BEGIN Dataset

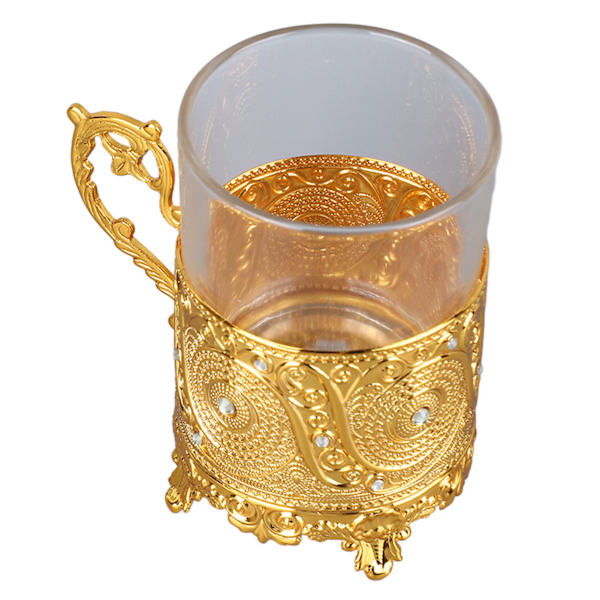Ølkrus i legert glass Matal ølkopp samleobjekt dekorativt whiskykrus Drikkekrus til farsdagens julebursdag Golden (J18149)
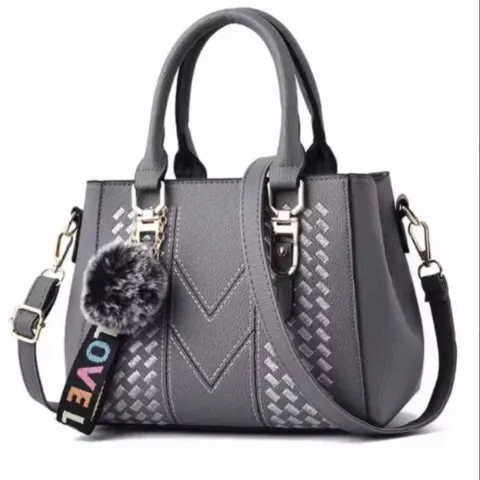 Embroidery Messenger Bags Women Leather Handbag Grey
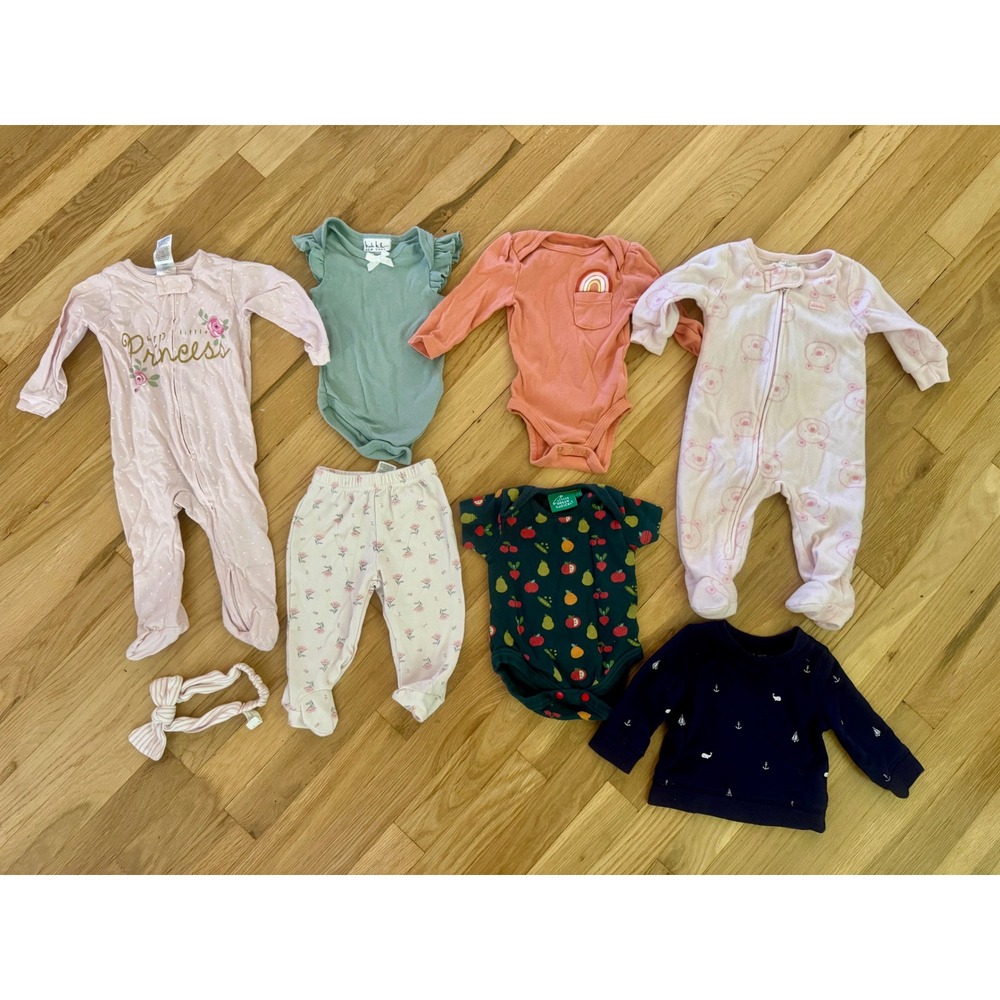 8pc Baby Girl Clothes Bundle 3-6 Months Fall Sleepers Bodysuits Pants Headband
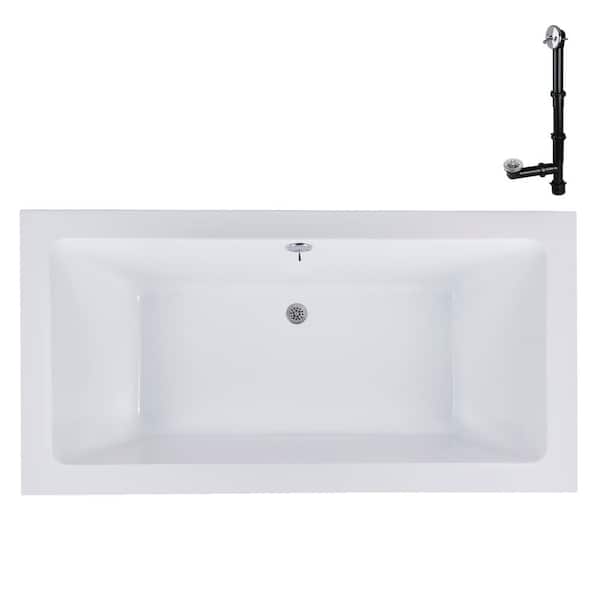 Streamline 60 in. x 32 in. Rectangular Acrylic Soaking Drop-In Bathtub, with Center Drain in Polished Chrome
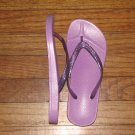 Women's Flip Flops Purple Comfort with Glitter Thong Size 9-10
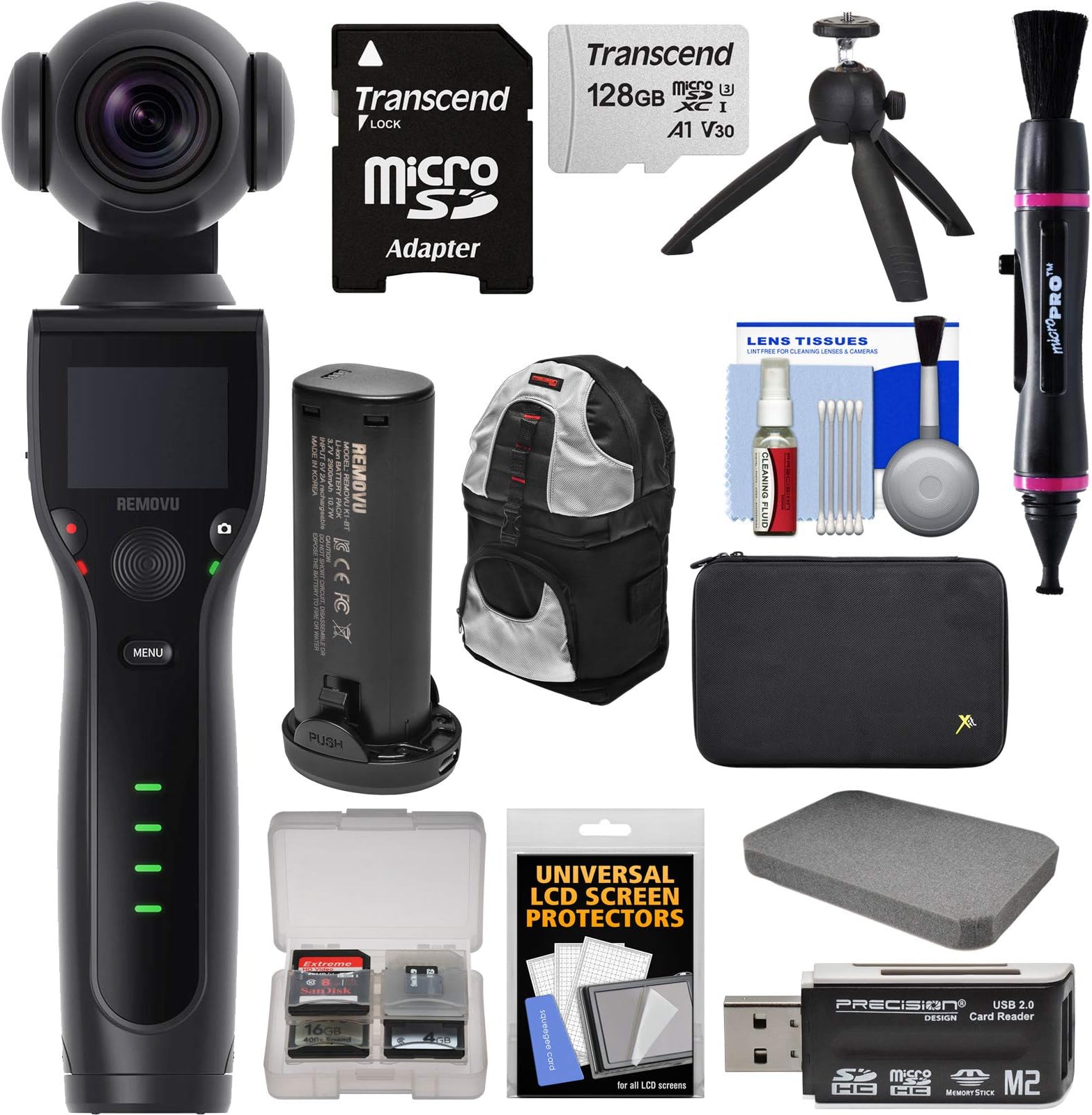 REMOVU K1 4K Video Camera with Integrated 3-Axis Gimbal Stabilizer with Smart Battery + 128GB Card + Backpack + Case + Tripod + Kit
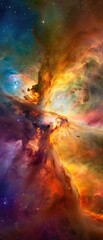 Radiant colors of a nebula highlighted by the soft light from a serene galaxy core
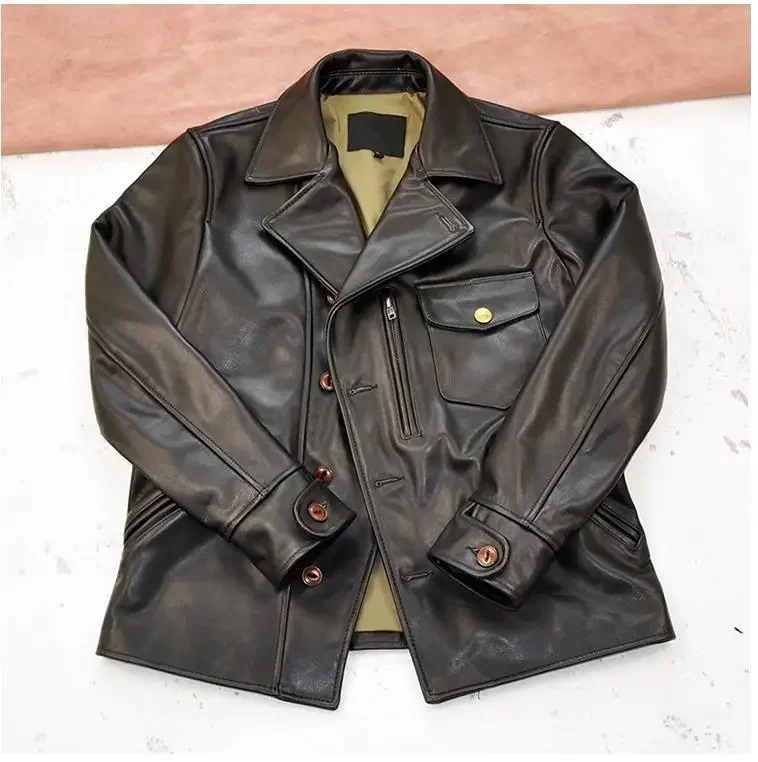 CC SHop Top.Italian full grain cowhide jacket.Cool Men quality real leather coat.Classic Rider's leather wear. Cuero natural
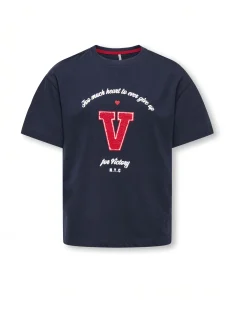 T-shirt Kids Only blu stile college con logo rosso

END Dataset
BEGIN Dataset

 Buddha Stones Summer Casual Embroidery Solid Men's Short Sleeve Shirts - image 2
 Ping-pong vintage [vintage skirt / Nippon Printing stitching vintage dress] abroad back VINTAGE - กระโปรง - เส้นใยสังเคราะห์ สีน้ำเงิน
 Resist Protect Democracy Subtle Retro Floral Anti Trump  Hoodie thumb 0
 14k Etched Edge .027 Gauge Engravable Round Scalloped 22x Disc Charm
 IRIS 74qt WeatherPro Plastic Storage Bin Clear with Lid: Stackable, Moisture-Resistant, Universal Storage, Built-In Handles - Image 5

END Dataset

→ Work task
Return exactly the lines that appear in the data above between the line containing "CC SHop Top.Italian" and the line containing "T-shirt Kids Only", both of which are included, and leave the pictures out.

→ Answer box
 CC SHop Top.Italian full grain cowhide jacket.Cool Men quality real leather coat.Classic Rider's leather wear. Cuero natural
 T-shirt Kids Only blu stile college con logo rosso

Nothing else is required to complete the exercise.